• _Task prompt_
From the line containing "体験コーナーも本格稼働！" down to the final line of the entries below, return each line exactly and drop the pictures.

==== Provided data

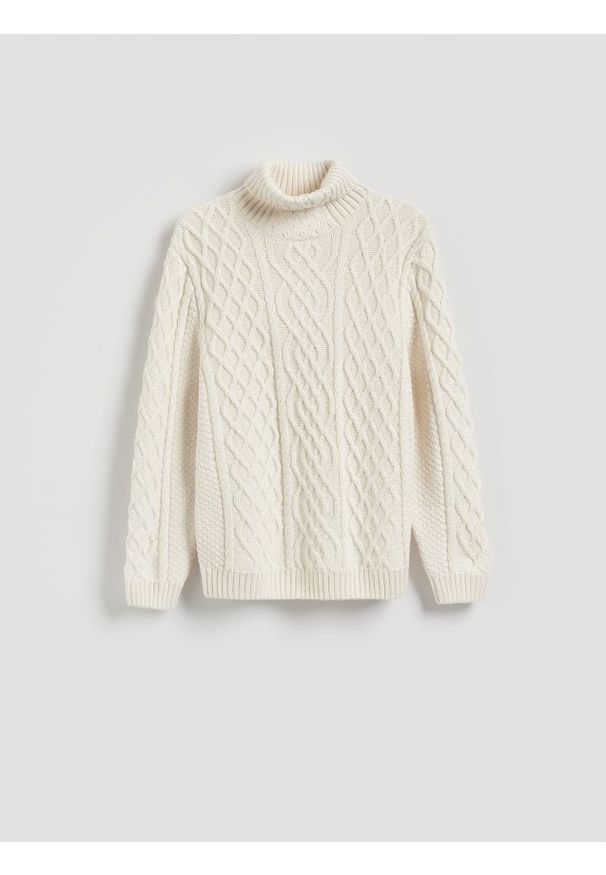 Reserved - Strukturalny sweter z golfem - złamana biel. Typ kołnierza: golf. Materiał: dzianina, bawełna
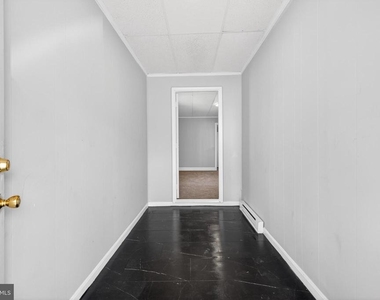 214 W Division Street - Photo Thumbnail 2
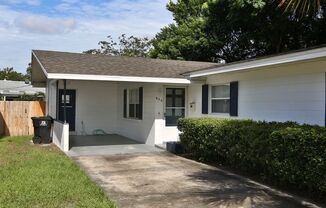 2/1 duplex with carport near Mills/50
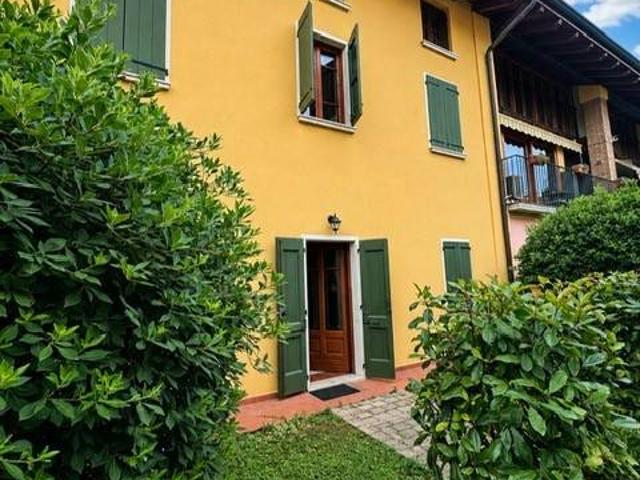 Villetta a schiera in affitto a Brescia BS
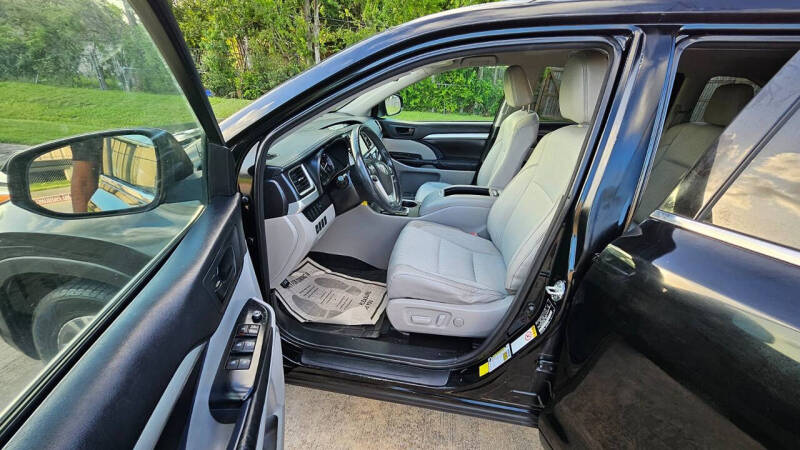 2016 Toyota Highlander LE Plus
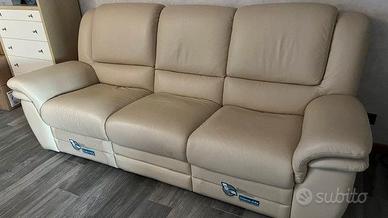 divano 3 posti in pelle beige e due sedute relax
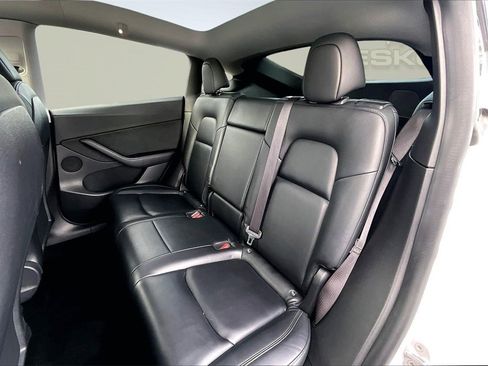 Used 2021 Tesla Model Y Long Range image 25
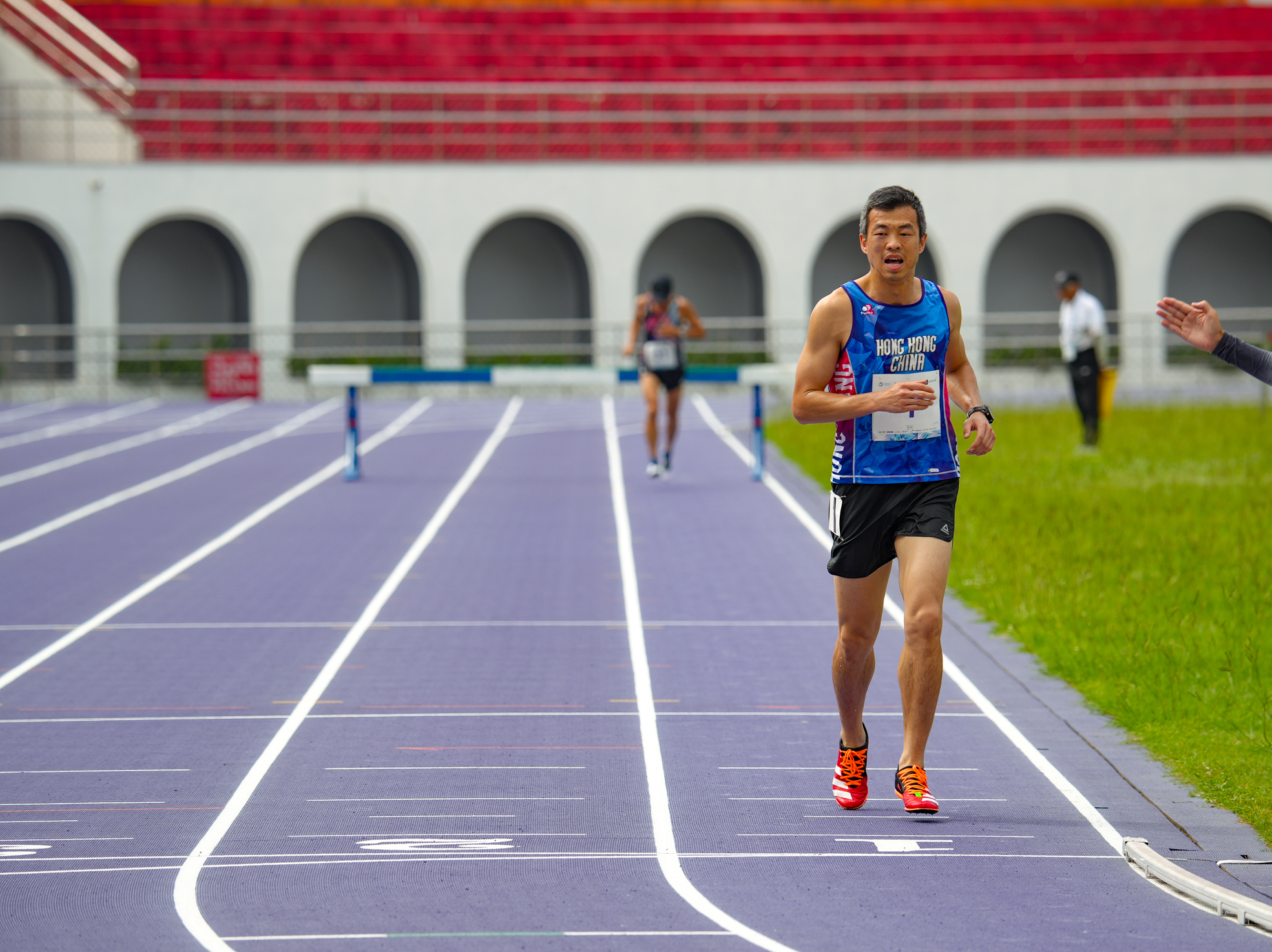 【世壯運】救護員變身跑者！香港選手陳偉強勇奪3000障礙 40+ 亞軍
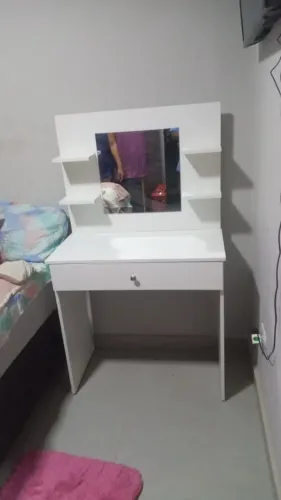 MESA PENTEADEIRA COM ESPELHO MDF NOVO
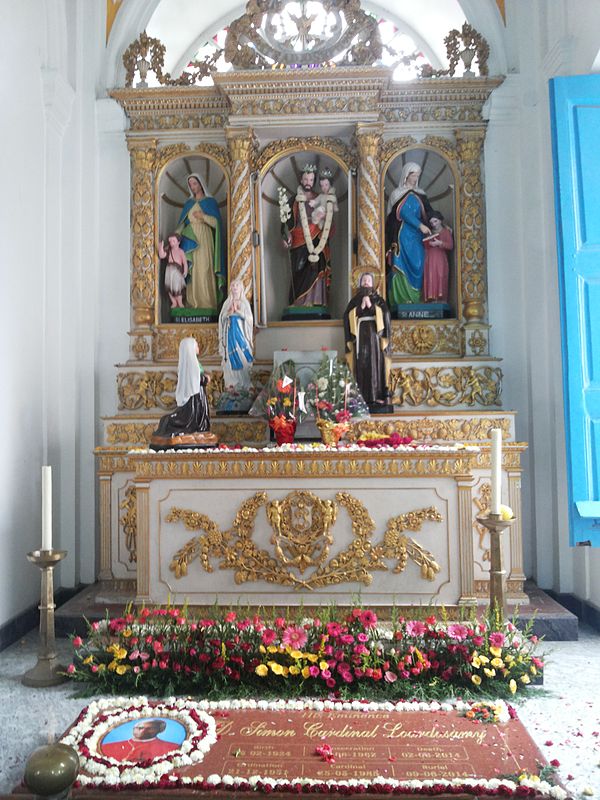 The tomb is in front of St. Joseph's Altar at Pondicherry Cathedral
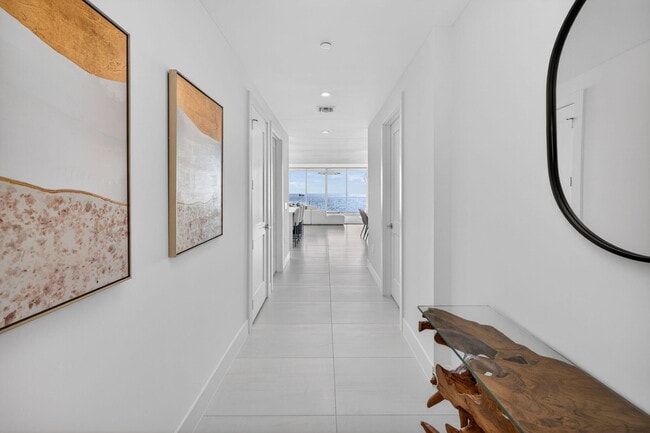 Building Photo - 153 N Seabreeze Blvd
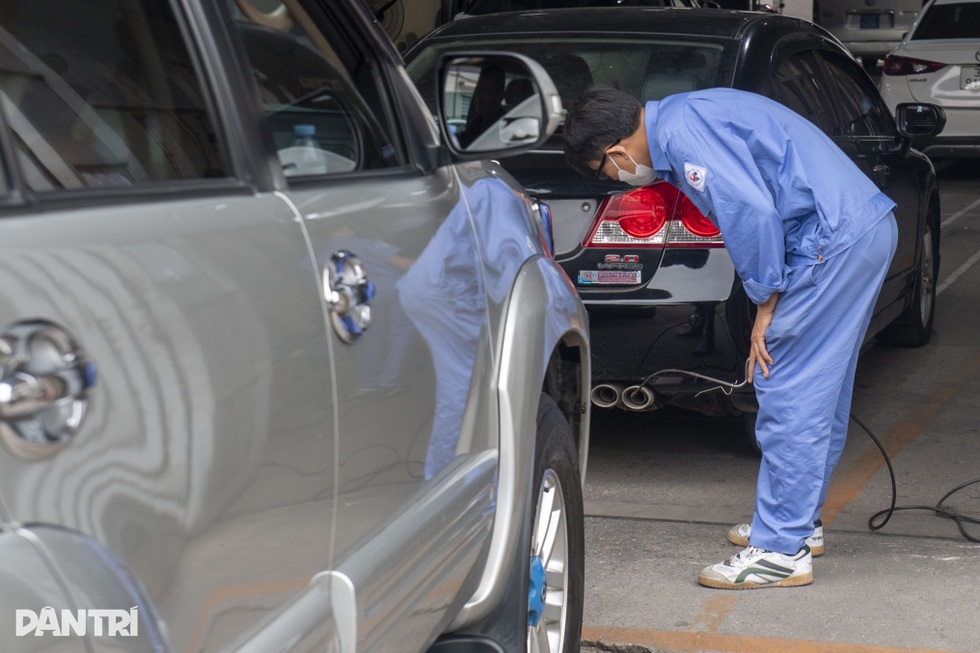 “Đạp kịch ga” kiểm định xe diesel: Có cách nào khác? - 1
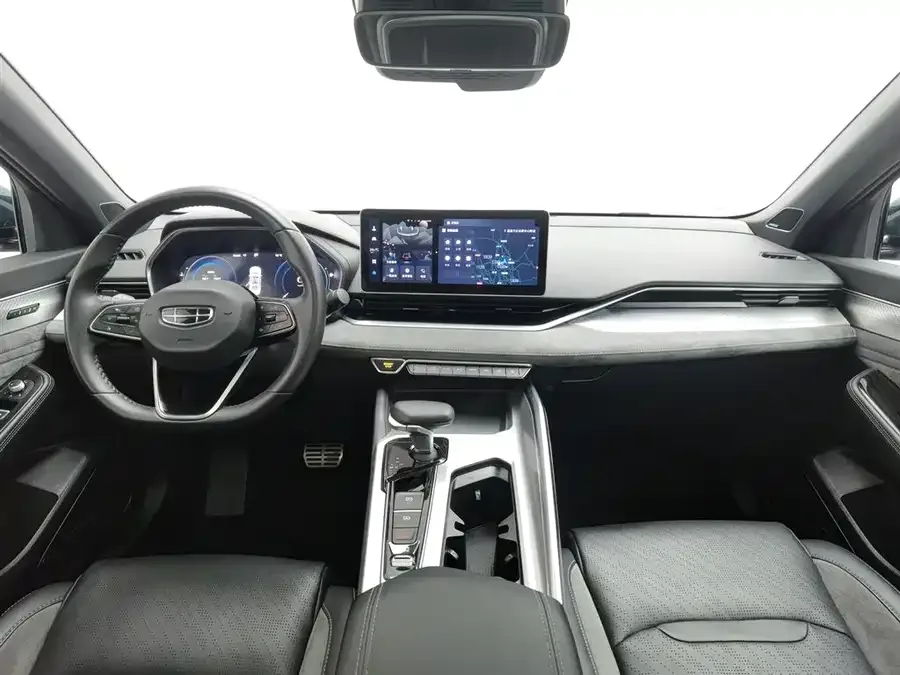 Geely Xingrui Xingrui 2023 2.0TD only available in green version 2023 — миниатюра 2
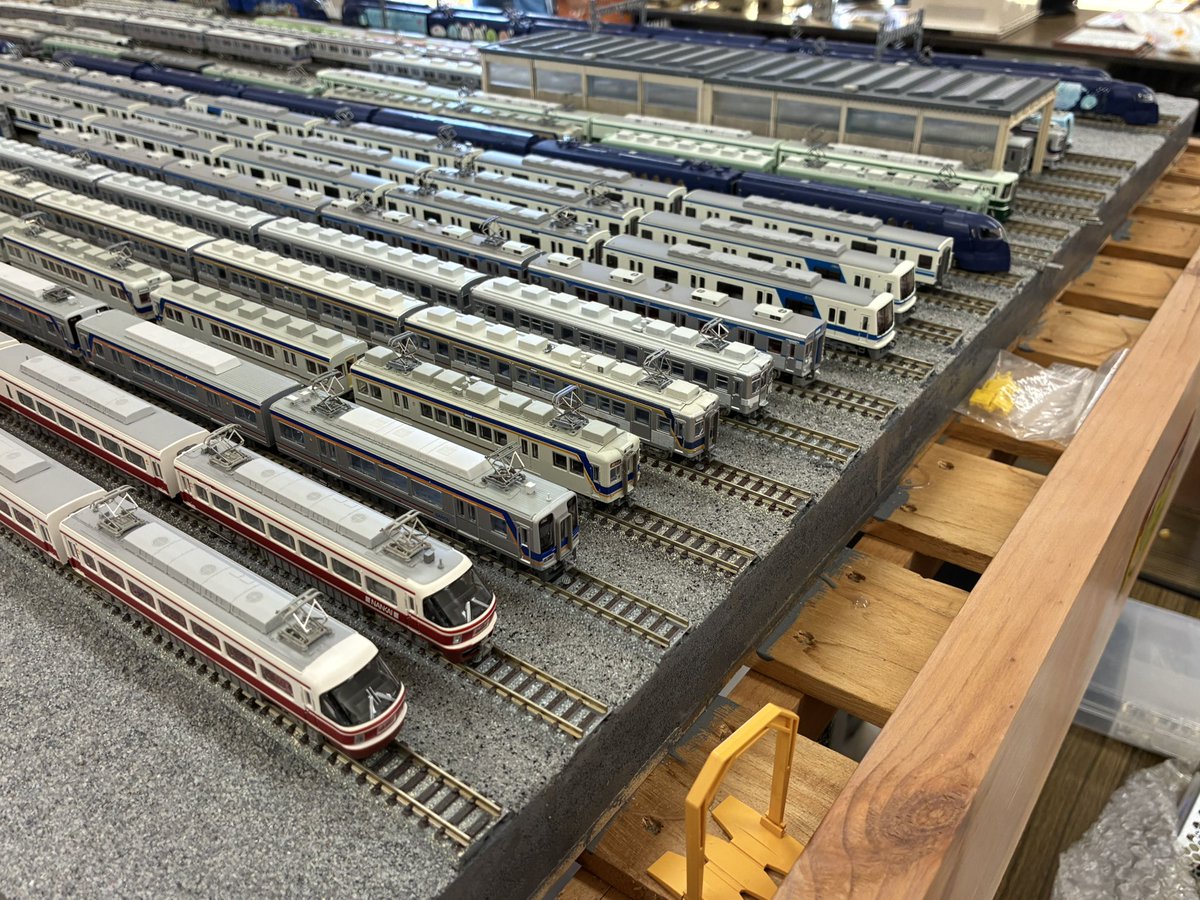 salonNANKAI_t's tweet photo. 2日目開幕です！

昨日よりも部品数をさらに増やして準備完了です！

体験コーナーも本格稼働！

昼からも部品が増えるかも？

本日、17時まで開催中ですので、桃山学院大学和泉キャンパス、3-304に是非お越しください！ https://t.co/PmAkbuqq3j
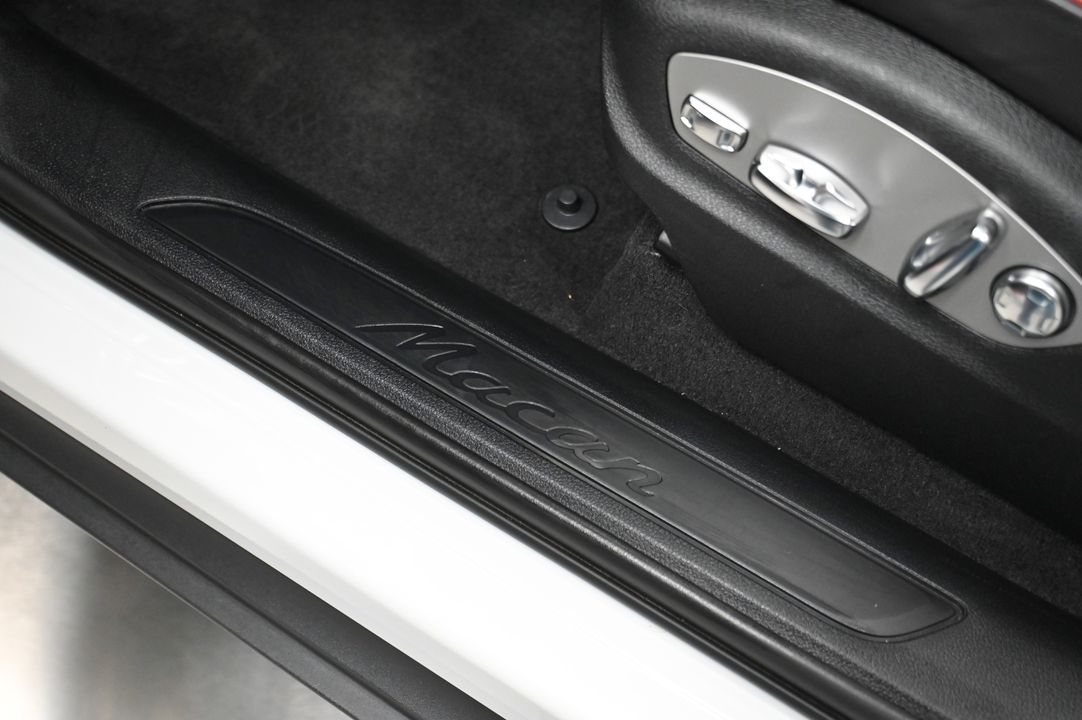 2023 Porsche Macan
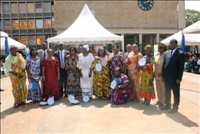 Lutte contre la cherté de la vie : le Président Ouattara offre 1000 balances aux commerçantes du vivrier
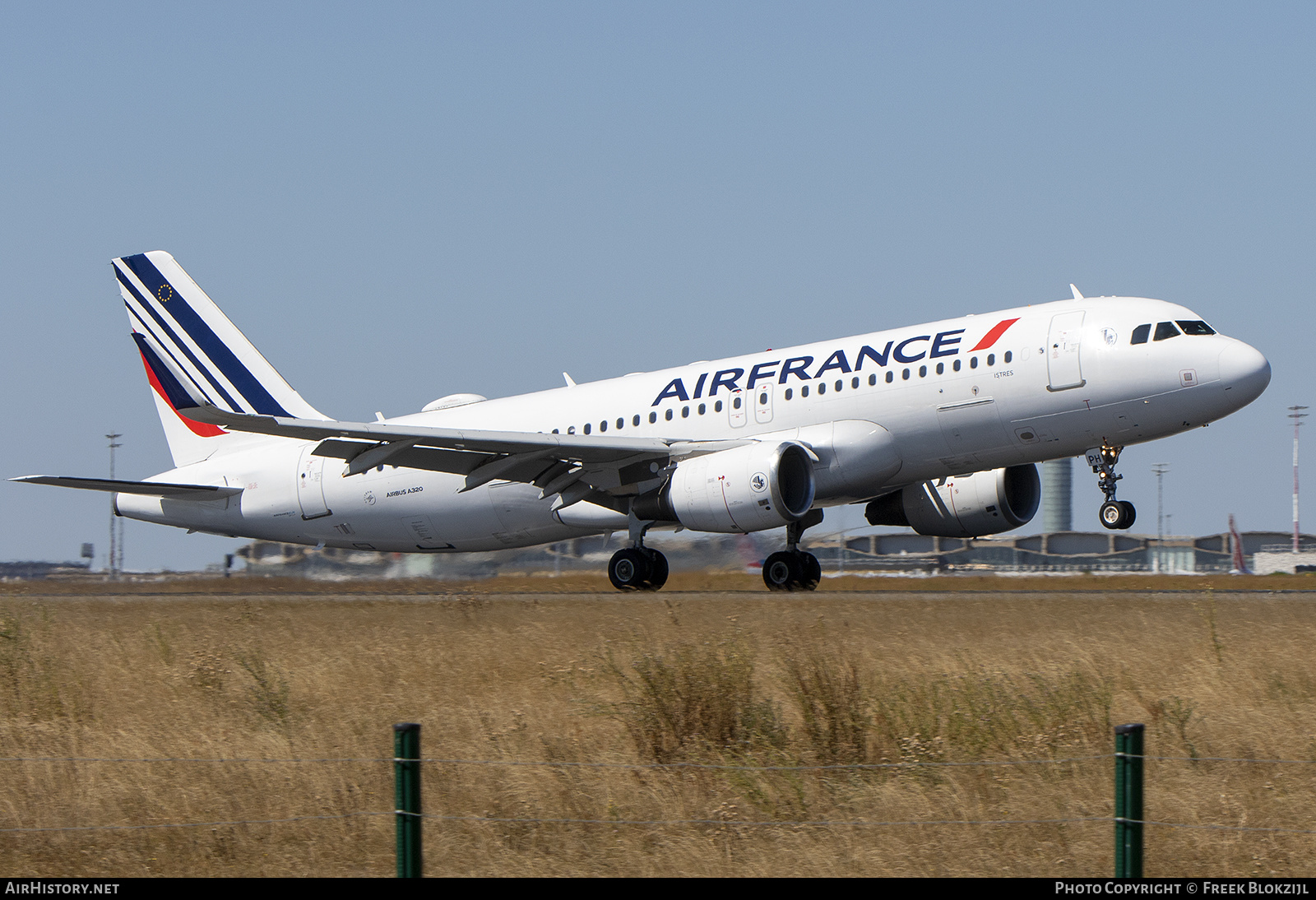 Aircraft Photo of F-HEPH | Airbus A320-214 | Air France | AirHistory.net #505648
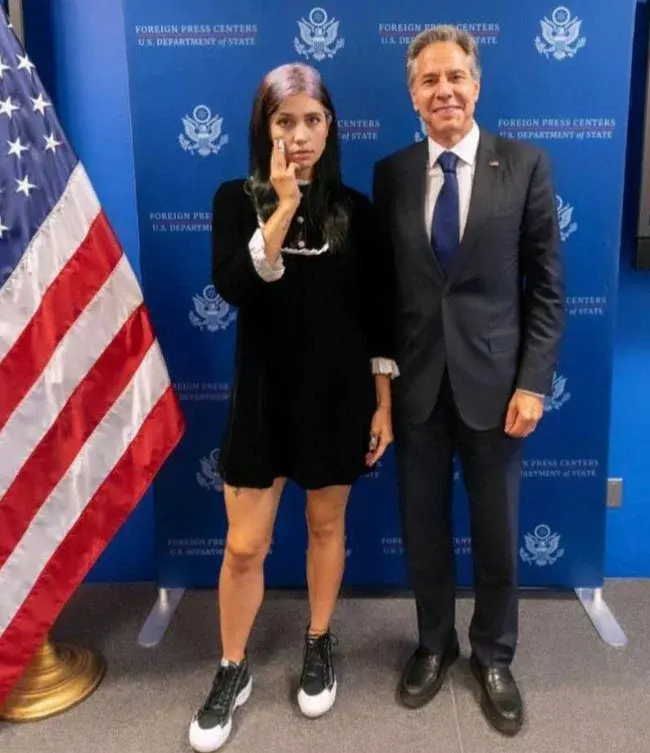 По Сеньке и шапка – Лавров.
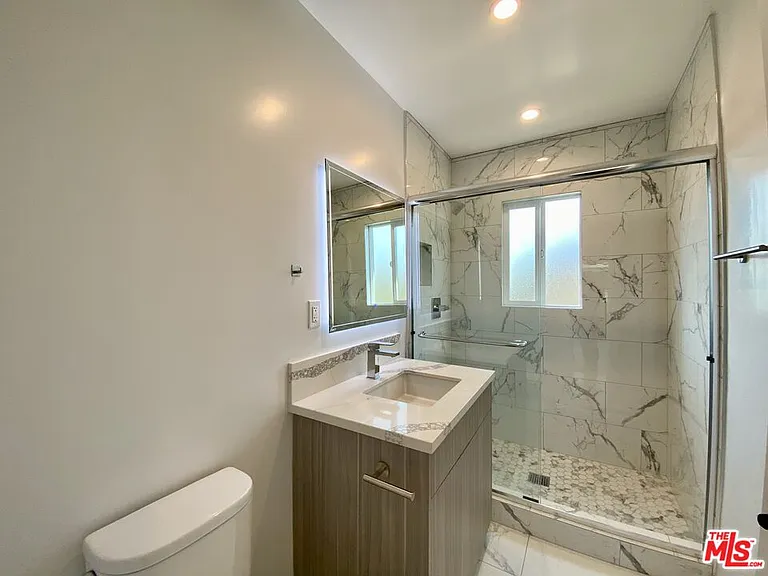 3207 W 3rd St #4 — Photo 10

========

• _Exercise output_
体験コーナーも本格稼働！

昼からも部品が増えるかも？

本日、17時まで開催中ですので、桃山学院大学和泉キャンパス、3-304に是非お越しください！ https://t.co/PmAkbuqq3j
 2023 Porsche Macan
 Lutte contre la cherté de la vie : le Président Ouattara offre 1000 balances aux commerçantes du vivrier
 Aircraft Photo of F-HEPH | Airbus A320-214 | Air France | AirHistory.net #505648
 По Сеньке и шапка – Лавров.
 3207 W 3rd St #4 — Photo 10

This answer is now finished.